Am liebsten sorgte er aber einfach nur für Stress. Sei es innerhalb der Ultragruppierung seiner angeblichen neuen Liebe, Real Madrid, oder gegen seine alten Jungs von der Frente Atlético. Denn die Geschichte von El Niño ist die eines echten Überläufers. Kurz nach der Jahrtausendwende wurde er von der bekanntesten Atlético-Ultragruppierung rausgeschmissen, woraufhin er das Undenkbare durchzog: Er wurde Fan, ja sogar Ultra, von Real. Schnell zettelte er einen Umsturz der Alten Garde um José Luis Ochaíta und Álvaro Cadenas an, denen er vorwarf, vom Verein und einigen Spielern geschmiert worden zu sein.

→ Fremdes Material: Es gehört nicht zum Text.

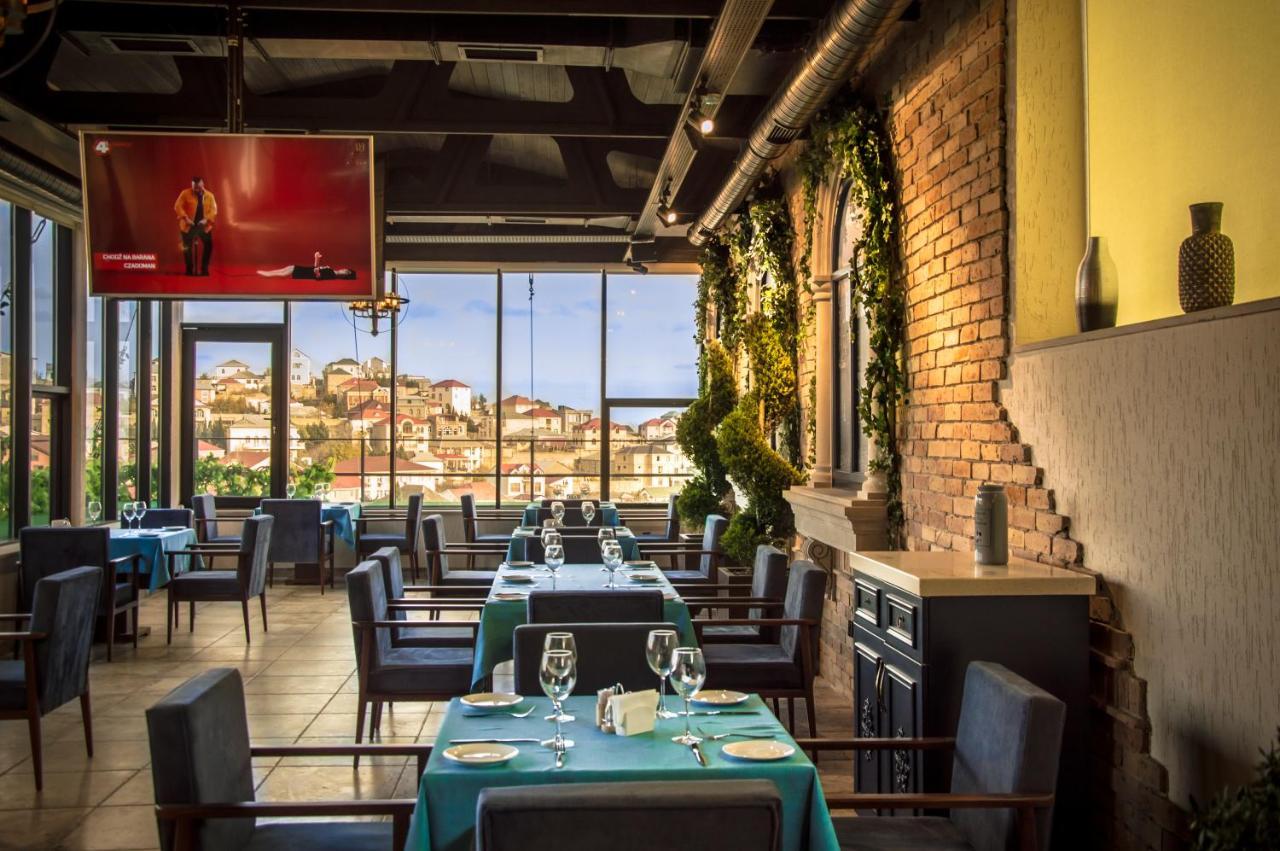 Hillmond'S Boutique Hotel Baku Bagian luar foto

Sein Ziel: Sich und seine politisch deutlich mehr involvierten Kumpanen (rechtsextrem, versteht sich) an die Spitze der Ultras Sur zu katapultieren. Insider-Berichten zufolge soll ihm das auch gelungen sein.

Wer eine so schwierige Vergangenheit hat, weil er nur wenige Jahre zuvor noch Atlético-Ultra war, der muss natürlich beweisen, dass er jetzt ein echter Madridista ist. Darum soll ein brutaler Angriff auf die Bar Río Duratón, Hauptquartier der Frente Atlético, auch auf sein Konto gehen. Zusammen mit einem Dutzend anderen Schlägern überfiel El Niño—ausgestattet mit Messern, Baseballschlägern und Schlagstöcken—die Bar und verletzte drei Atlético-Ultras schwer. Der Tipp, dass zu der Zeit wichtige Frente-Mitglieder in der Bar sein würden, kam übrigens von Atlético-Fans, die mit der Frente auf Kriegsfuß stehen.

In einem Jahr kommt El Niño wieder auf freien Fuß. In einem Interview mit der Tageszeitung La Gaceta gaben ein Dutzend Ultras Sur zu Protokoll, dass El Niño noch immer viele Freunde in ihren Reihen hat. Man muss davon ausgehen, dass das letzte Kapitel über den Nazi-Ultra noch nicht geschrieben ist.